Taras Shevchenko Scientific Research Institute
Taras Shevchenko Scientific Research Institute (Науково-дослідний інститут Тараса Шевченка; Naukovo-doslidnyi instytut Tarasa Shevchenka). A scientific research institute under the jurisdiction of the People's Commissariat of Education, established in Kharkiv in 1926 as the central repository and research institution of all published, archival, and artistic materials pertaining to Taras Shevchenko in particular and to modern Ukrainian literature in general. Until 1932 the director was Dmytro Bahalii. Serhii Pylypenko was Bahalii's deputy and the institute's managing director, and Yarema Aizenshtok was the scholarly secretary. A branch of the institute was founded in Kyiv; Oleksander Doroshkevych was its director, and Borys Navrotsky was its secretary. Many other prominent scholars (eg, Oleksander Bahrii, Oleksander Biletsky, Vasyl Boiko, Volodymyr Derzhavyn, Pavlo Fylypovych, Volodymyr Koriak, Yevhen Kyryliuk, Andrii Loboda, Volodymyr Miiakovsky, Mykhailo Novytsky, Oleksii Novytsky, Viktor Petrov, Mykola Plevako, Dmytro Revutsky, Andrii Richytsky, Petro Rulin, Ahapii Shamrai, H. Sinko, Borys Yakubsky, Mykola Yashek, Serhii Yefremov) taught at the institute and/or took part in its projects and publications.
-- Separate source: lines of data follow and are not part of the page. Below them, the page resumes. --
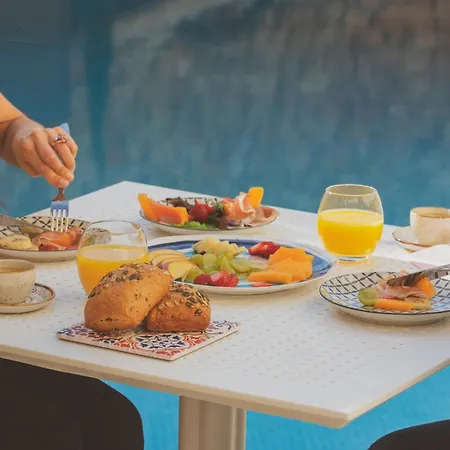 Silla Boutique Xagħra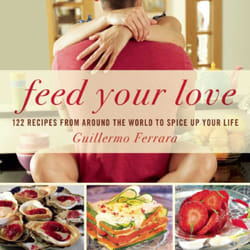 ISBN Feed Your Love livre Cooking Anglais Couverture rigide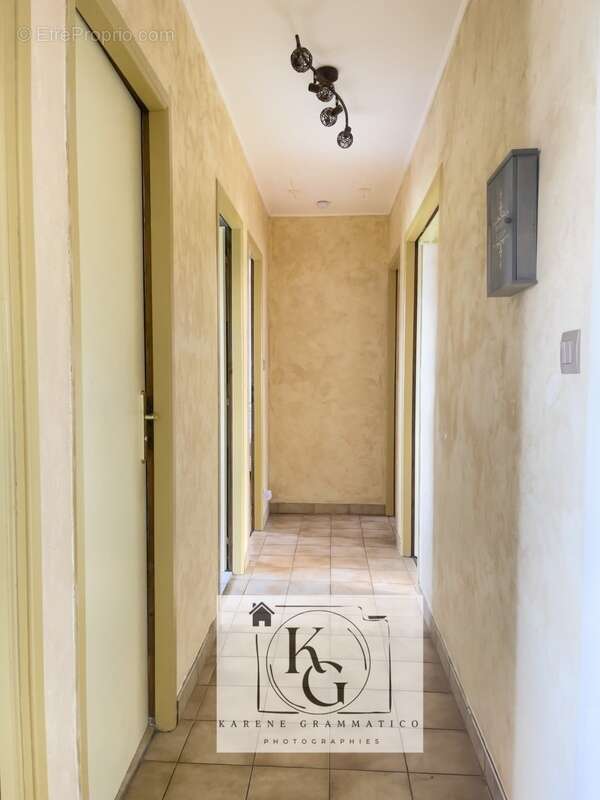 Maison à TUCQUEGNIEUX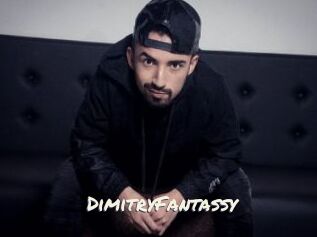 DimitryFantassy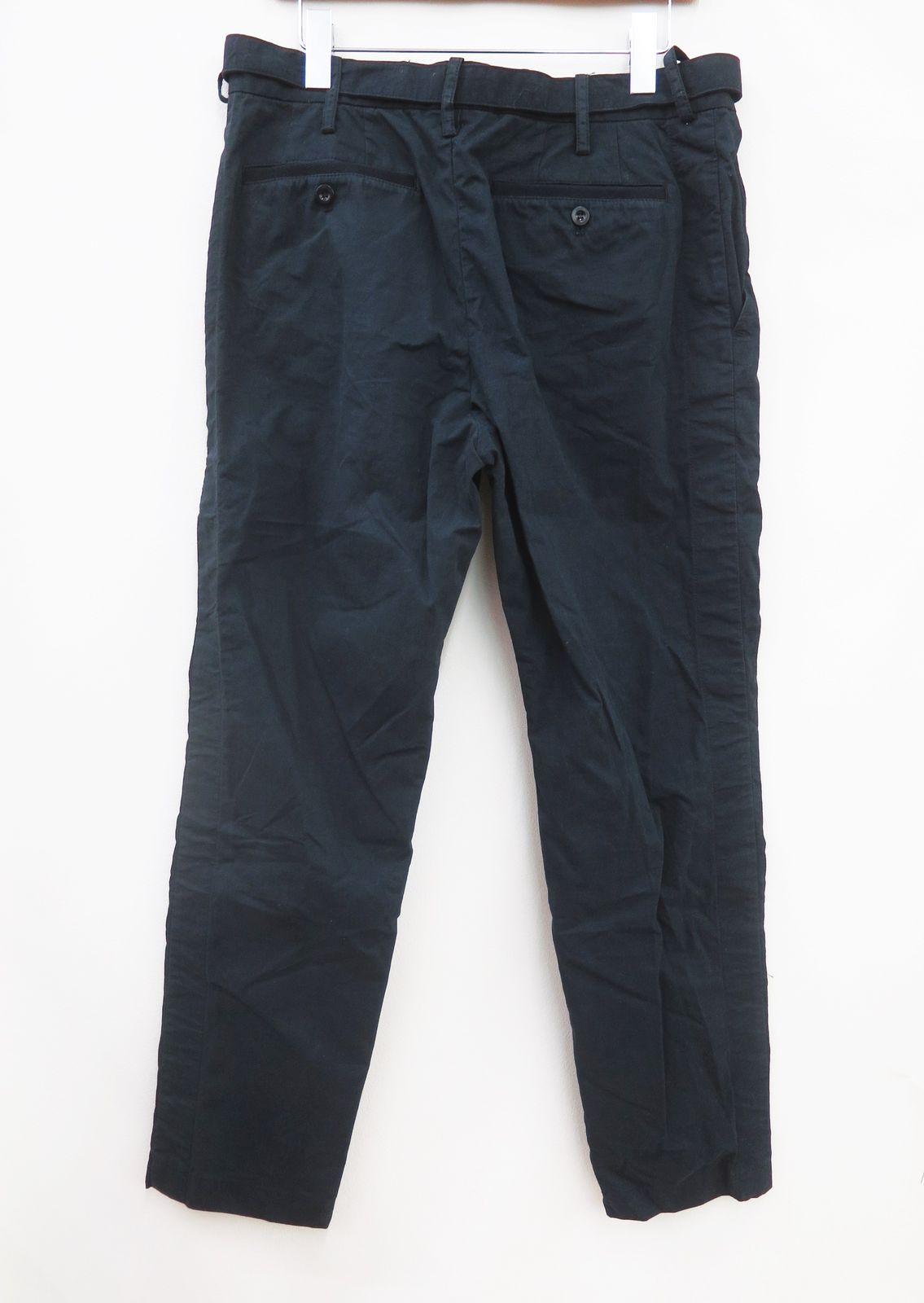 sacai サカイ 23-03190M 23AW Olmetex Rip Stop Pants パンツ 4 sacai サカイ 23-03190M 23AW Olmetex Rip Stop Pants パンツ 4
Research work was divided among seven cabinets. The cabinets of pre-Shevchenko literature, Taras Shevchenko's works, Soviet Ukrainian literature, bibliography, and history (added in the early 1930s) were in Kharkiv. The cabinets of Shevchenko's biography and post-Shevchenko literature, and sections for the study of Shevchenko's poetics and the links between Shevchenko's works and post-Shevchenko literature, were in Kyiv. Work was also done by several commissions: the commission of Shevchenko's period and milieu, the commission for the study of Shevchenko's art, the commission to study the Soviet Ukrainian reading public, an archival commission, the commission for contemporary oral literature (the living word), and, in Kyiv, the commission for the preparation of a dictionary of Shevchenko's language. The institute's library had a collection of manuscripts by Shevchenko, Panteleimon Kulish, Yakiv Shchoholiv, Volodymyr Samiilenko, Ivan Nechui-Levytsky, Hanna Barvinok, and Arkhyp Teslenko; the archives of Oleksander Potebnia and the Soviet Ukrainian writers' organizations Pluh and Hart; and a collection of journals, including Chervonyi shliakh. In 1932 the Shevchenko Literary Museum was founded at the institute; a large part of its collection of 700 of Shevchenko's paintings, drawings, and engravings was transferred to the Shevchenko Gallery in Kharkiv in 1933.
The institute published two collections of articles titled Shevchenko (1928, 1930), the bimonthly journal Literaturnyi arkhiv (1930–1), Taras Shevchenko's journal and correspondence (2 annotated vols), four monographs and collections of articles on Shevchenko by single authors (Oleksander Bahrii, Borys Navrotsky, Oleksander Doroshkevych), four collections of articles on Shevchenko by various authors, and several popular editions of Shevchenko's individual works with commentaries. It prepared a series of memoirs about Shevchenko (eg, by Panteleimon Kulish), trained graduate students (including scholars such as Hryhory Kostiuk, Yurii Lavrinenko, and Davyd Kopytsia), and organized art exhibitions, seminars, and lectures. Its holdings and research facilitated the preparation of scholarly editions and textological studies of works by Shevchenko, Marko Vovchok, and other Ukrainian writers. Most of the institute's personnel fell victim to the Stalinist terror between 1930 and 1933. Under Dmytro Bahalii's successor, Yevhen Shabliovsky (1933–5), the institute was basically inactive. In 1936 jurisdiction over the institute was transferred to the Academy of Sciences of the Ukrainian SSR (now NANU) and it was renamed the Institute of Ukrainian Literature; that name was changed to the Institute of Literature of the Academy of Sciences of the Ukrainian SSR in 1952.